Problems and Solutions in teaching material Learning
  • Question 1: Method Used in program list 10.3 to determine whether it is an operator
public boolean isOperator(){    return (termType == 1);}

Why is it necessary to determine if termtype is a temporary operator?

  • Problem 1 Solution: According to the previous expressionop definition, two int variables and one char variable are set.
private int termType;private char operator;private int value;

Node storage only requires one int variable to store the operands and one char variable to store the operators. The extra int variable termtype is not used to store the operands. In this class, I found that the use of termtype is used to determine whether it is an operand, so the significance of setting this variable should be in advance when setting the knot, it indicates what the node stores. If it is an operator, it will change termtype to 1. If it is not, it will be set to another number. This avoids the need to write a long string of judgment conditions during the judgment.if (operator == "+" || operator == "-" || operator == "*" || operator == "/")Status

  • Question 2: The program list 10.2expressiontree class provides an output tree method, which is hard to understand and problematic.
  • Problem 2 solution: Analyze with specific code
Public String printtree () {unorderedlistadt <binarytreenode <expressiontreeop> nodes = new arrayunorderedlist <binarytreenode <expressiontreeop> (); // creates an unordered list for storing the binarytreenode class unorderedlistadt <integer> levellist = new arrayunorderedlist <integer> (); // create an unordered list of int variables binarytreenode <expressiontreeop> current; // set a temporary variable pointing to the unordered list current string result = ""; int printdepth = This. getheight (); // defines printdepth Int possiblenodes = (INT) math. pow (2, printdepth + 1); // defines the number of nodes of the possiblenodes tree. possiblenodes = 2 ^ (printdepth + 1) int countnodes = 0; nodes. addtorear (Root); // Add the root node to the end of the unordered list integer currentlevel = 0; integer previuslevel =-1; // set two int variables, determines levellist for the next line feed operation. addtorear (currentlevel); // currentlevel is added to the end of levellist while (countnodes <possiblenodes) {countnodes = countnodes + 1; curre Nt = nodes. removefirst (); // current is the first currentlevel to be removed by nodes = levellist. removefirst (); If (currentlevel> previuslevel) {result = Result + "\ n"; // If the currelevel is greater than the previuslevel, perform the line feed operation previuslevel = currentlevel; for (Int J = 0; j <(math. pow (2, (printdepth-currentlevel)-1); j ++) Result = Result + ""; // Add a space after line feed} else {for (INT I = 0; I <(math. pow (2, (printdepth-currentlevel + 1 ))- 1); I ++) {result = Result + ""; // if no line feed is performed, it indicates a node in the middle of a layer, add a space between two nodes} If (current! = NULL) {result = Result + (current. getelement ()). tostring (); // Add the root node of the current tree to nodes in the result string. addtorear (current. getleft (); levellist. addtorear (currentlevel + 1); nodes. addtorear (current. getright (); levellist. addtorear (currentlevel + 1); // store the left and right children of the previous root node to the end of nodes, currelevel + 1 is saved to levellist, indicating that the Left and Right children are in the next row of the root node} else {nodes. addtorear (null); levellist. addtorear (currentlevel + 1); nodes. addtorear (null); levellist. addtorear (currentlevel + 1); Result = Result + "" ;}} return result ;}

I think this part of the code is hard to understand in order to output the image close to the structure of our general tree, and to perform the line feed operation and add spaces.
Determine the layer at which a node uses a list of levellist, and assign values of two int variables currentlevel and previuslevel to 0 and-1, respectively, use the relationship between currentlevel and previuslevel to determine whether a line break is required.

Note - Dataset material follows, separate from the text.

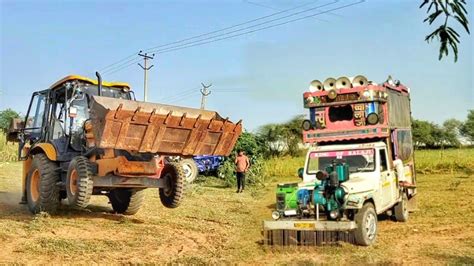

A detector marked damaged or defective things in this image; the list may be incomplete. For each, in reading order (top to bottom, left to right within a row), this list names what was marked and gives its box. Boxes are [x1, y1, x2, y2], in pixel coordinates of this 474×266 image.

For example, when the loop is to the second layer, there are two left and right nodes in nodes, and the first and second nodes in levellist store 1 at this time, the previuslevel is 0 at this time, and the first loop iscurrentLevel = levelList.removeFirst, Currentlevel = 1> previuslevel = 0, so you need to start another rowresult = result + "\n\n"And then assign the previuslevel to the current currentlevel value.previousLevel = currentLevel;, Current is the first node of nodes, that is, the left child, the result string, and the left and right children are added to the end of the list respectively. Their corresponding levellist values are currentlevel + 1 = 2, then, the right child in the list header is assigned to current. In this case, currlevel = previuslevel = 1. Therefore, the else path does not need to be wrapped and the next operation is performed. If the right child is a leaf node, although there are no sub-nodes, there will still be storage spacenodes.addToRear(current.getLeft());But it stores null, so the computer will continue to execute when it comes to the output and create new buckets. Therefore, a while loop needs to be set outside, because the first N layers of the binary tree have no more than 2 ^ (n + 1) elements, so the possiblenodes value is definedint possibleNodes = (int) Math.pow(2, printDepth + 1);
In addition, I am not very familiar with the space-adding method. For example, why is this definition necessary?j < ((Math.pow(2, (printDepth - currentLevel))) - 1)Add a space between two nodes.
It seems that the values of the two are not so strict, that is, it is not necessary to take 0 and-1, and change to 1 and 0,-1 and-2, however, different values may affect the width and width of the tree structure, or the difference between the two may not necessarily be 1, and the difference between the two may be no problem.levelList.addToRear(currentLevel + 1);Corresponding to add 2 or 3.

Issues and Solutions in code debugging
  • Question 1: When the printtree method of the expressiontree class is run, not all tree structures are printed,

  • Problem 1 Solution: Debug it. I found that the getheight method has not been completed yet. The getheight method still returns 0; naturally, an error occurs. The method for returning height should be divided into three steps to determine whether the node of the tree is the root node, the internal node, and the leaf node. First, determine whether the root node is empty, do not add a blank height, and then use a while loop and pp10.3 to repeatedly judge whether the next node is an internal node. If so, add a height and assign the node to the left child of the node, if it is determined that this node is a leaf node, the height is added and the height value is returned again and again.
BinaryTreeNode cur = root;        int height = 0;        if (root != null){            height++;        }        cur = cur.left;        while (cur.judge() != true){            height++;            cur = cur.left;        }        height++;        return height;

The modified code runs

  • Question 2: When the tostring method of the semi binarytree is used, a garbled string is output.

  • Problem 2 solution: Find a solution on the Internet, and then learn that the array does not have the tostring method.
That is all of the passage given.